== Segment start ==
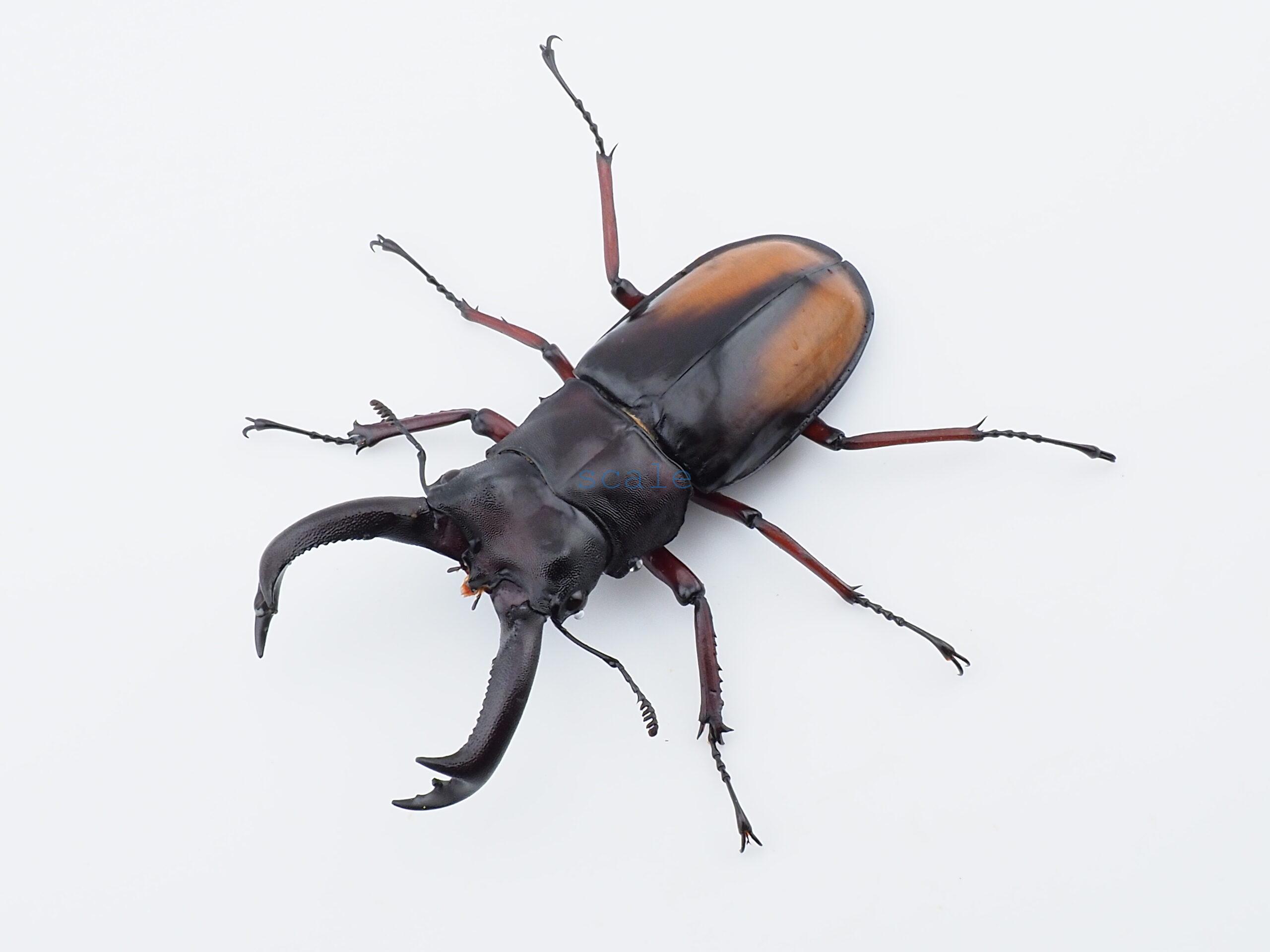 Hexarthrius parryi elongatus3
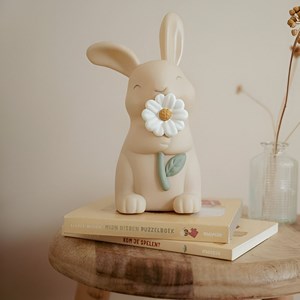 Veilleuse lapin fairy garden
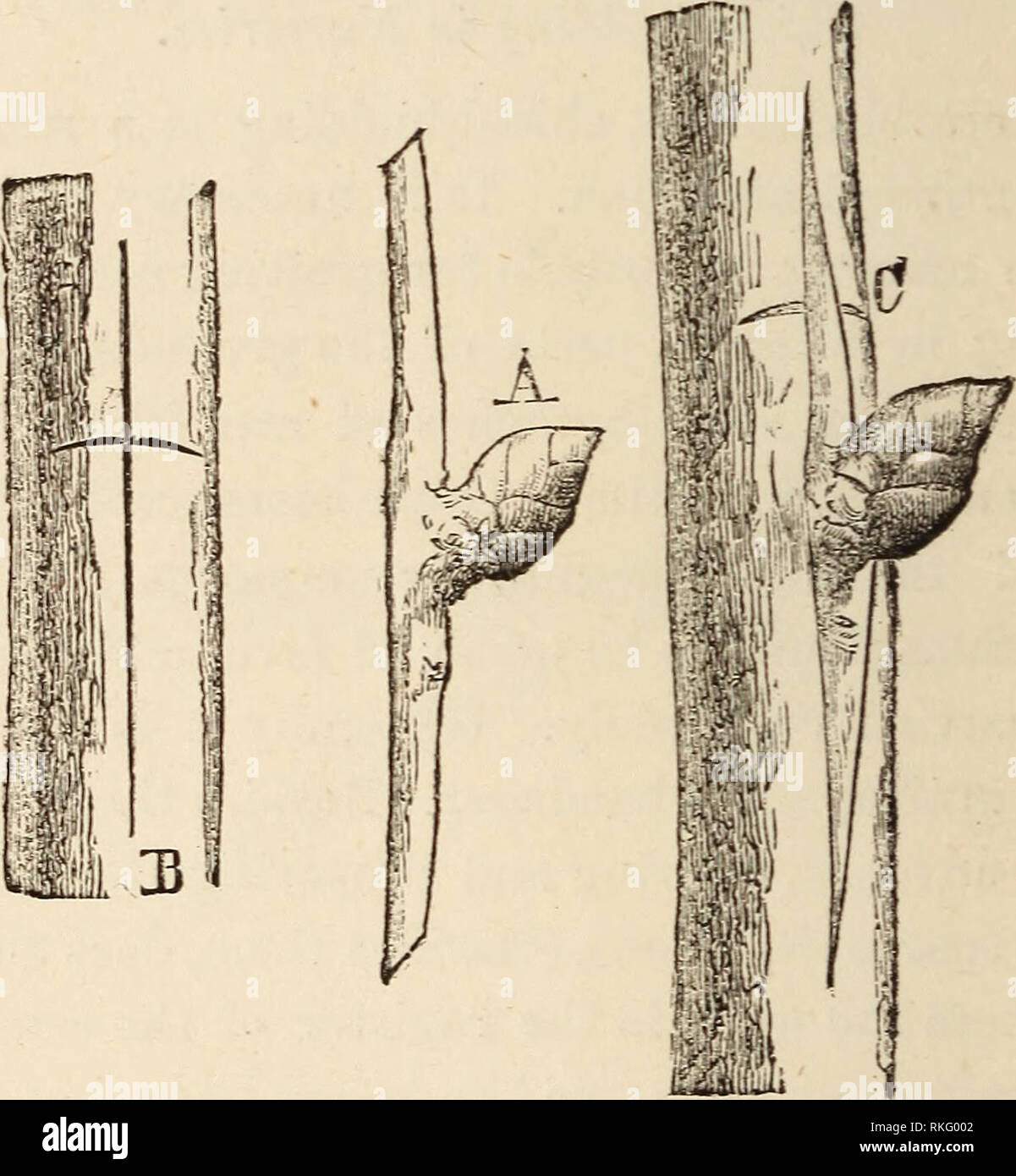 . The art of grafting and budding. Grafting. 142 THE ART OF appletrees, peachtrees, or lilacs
== Segment end ==
Word for word and without pictures, restate only the lines running from the one that contains "Veilleuse lapin fairy garden" through the last line of the listing above.

 Veilleuse lapin fairy garden
 . The art of grafting and budding. Grafting. 142 THE ART OF appletrees, peachtrees, or lilacs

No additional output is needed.